§ **What you have to do**
From the line below that contains "Dad Humor Magnets" to the line that contains "BLEACH Kenpachi Zaraki", repeat every line exactly, both ends included, and nothing else.

(Records from a data source)
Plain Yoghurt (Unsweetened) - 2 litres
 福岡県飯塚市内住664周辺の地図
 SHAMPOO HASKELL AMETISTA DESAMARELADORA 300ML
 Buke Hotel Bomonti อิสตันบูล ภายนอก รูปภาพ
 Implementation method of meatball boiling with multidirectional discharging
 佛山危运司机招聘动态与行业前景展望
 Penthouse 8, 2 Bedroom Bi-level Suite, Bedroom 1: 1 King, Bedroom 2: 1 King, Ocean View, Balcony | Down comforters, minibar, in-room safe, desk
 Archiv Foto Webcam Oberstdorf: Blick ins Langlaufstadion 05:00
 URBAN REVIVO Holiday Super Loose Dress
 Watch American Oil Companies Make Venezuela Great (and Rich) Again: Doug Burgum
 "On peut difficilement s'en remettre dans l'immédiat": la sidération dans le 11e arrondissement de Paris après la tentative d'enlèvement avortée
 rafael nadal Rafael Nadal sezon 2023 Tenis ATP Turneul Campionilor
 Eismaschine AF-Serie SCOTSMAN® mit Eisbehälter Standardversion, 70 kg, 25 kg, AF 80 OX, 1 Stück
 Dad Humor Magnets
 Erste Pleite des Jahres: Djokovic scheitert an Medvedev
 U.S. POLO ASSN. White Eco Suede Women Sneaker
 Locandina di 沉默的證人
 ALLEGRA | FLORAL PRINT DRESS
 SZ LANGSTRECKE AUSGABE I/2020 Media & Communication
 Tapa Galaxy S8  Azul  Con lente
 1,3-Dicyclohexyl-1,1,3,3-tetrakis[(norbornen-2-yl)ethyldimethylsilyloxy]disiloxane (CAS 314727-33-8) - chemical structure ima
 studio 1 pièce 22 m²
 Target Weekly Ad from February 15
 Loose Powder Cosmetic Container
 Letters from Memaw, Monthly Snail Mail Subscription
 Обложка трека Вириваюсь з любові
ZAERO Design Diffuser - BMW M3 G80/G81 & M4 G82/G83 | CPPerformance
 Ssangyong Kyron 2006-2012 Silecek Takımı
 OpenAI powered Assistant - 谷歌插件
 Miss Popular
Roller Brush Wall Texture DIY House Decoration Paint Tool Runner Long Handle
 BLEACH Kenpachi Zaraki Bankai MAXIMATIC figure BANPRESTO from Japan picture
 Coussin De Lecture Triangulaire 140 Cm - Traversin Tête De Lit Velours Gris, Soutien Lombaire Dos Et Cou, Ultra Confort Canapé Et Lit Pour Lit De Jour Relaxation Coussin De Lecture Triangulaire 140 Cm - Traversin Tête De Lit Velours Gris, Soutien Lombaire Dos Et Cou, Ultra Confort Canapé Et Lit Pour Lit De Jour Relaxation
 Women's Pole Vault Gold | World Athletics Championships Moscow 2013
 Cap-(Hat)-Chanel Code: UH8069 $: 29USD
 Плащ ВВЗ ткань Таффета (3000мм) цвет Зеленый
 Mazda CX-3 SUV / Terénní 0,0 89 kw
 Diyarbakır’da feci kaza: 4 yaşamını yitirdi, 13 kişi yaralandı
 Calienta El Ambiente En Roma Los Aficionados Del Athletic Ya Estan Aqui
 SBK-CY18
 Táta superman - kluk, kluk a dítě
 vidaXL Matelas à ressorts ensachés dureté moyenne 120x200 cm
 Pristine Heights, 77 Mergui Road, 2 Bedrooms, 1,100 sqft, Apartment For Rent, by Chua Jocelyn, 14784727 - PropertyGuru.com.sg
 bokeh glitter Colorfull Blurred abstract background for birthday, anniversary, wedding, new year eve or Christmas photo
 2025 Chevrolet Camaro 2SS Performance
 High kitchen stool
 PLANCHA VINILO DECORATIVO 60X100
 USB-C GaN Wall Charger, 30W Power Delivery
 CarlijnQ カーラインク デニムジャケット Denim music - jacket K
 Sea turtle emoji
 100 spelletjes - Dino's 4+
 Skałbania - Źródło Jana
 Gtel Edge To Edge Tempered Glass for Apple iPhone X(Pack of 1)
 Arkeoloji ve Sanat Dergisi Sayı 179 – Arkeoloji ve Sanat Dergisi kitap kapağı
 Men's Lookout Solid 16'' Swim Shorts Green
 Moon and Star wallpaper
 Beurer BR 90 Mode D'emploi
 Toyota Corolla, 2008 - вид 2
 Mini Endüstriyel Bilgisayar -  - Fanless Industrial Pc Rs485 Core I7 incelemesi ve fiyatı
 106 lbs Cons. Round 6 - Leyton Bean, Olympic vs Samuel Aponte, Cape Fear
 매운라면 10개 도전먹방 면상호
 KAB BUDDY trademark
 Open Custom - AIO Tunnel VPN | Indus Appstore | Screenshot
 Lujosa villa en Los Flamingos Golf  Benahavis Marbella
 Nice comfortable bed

§ **Answer for this exercise**
 Dad Humor Magnets
 Erste Pleite des Jahres: Djokovic scheitert an Medvedev
 U.S. POLO ASSN. White Eco Suede Women Sneaker
 Locandina di 沉默的證人
 ALLEGRA | FLORAL PRINT DRESS
 SZ LANGSTRECKE AUSGABE I/2020 Media & Communication
 Tapa Galaxy S8  Azul  Con lente
 1,3-Dicyclohexyl-1,1,3,3-tetrakis[(norbornen-2-yl)ethyldimethylsilyloxy]disiloxane (CAS 314727-33-8) - chemical structure ima
 studio 1 pièce 22 m²
 Target Weekly Ad from February 15
 Loose Powder Cosmetic Container
 Letters from Memaw, Monthly Snail Mail Subscription
 Обложка трека Вириваюсь з любові
ZAERO Design Diffuser - BMW M3 G80/G81 & M4 G82/G83 | CPPerformance
 Ssangyong Kyron 2006-2012 Silecek Takımı
 OpenAI powered Assistant - 谷歌插件
 Miss Popular
Roller Brush Wall Texture DIY House Decoration Paint Tool Runner Long Handle
 BLEACH Kenpachi Zaraki Bankai MAXIMATIC figure BANPRESTO from Japan picture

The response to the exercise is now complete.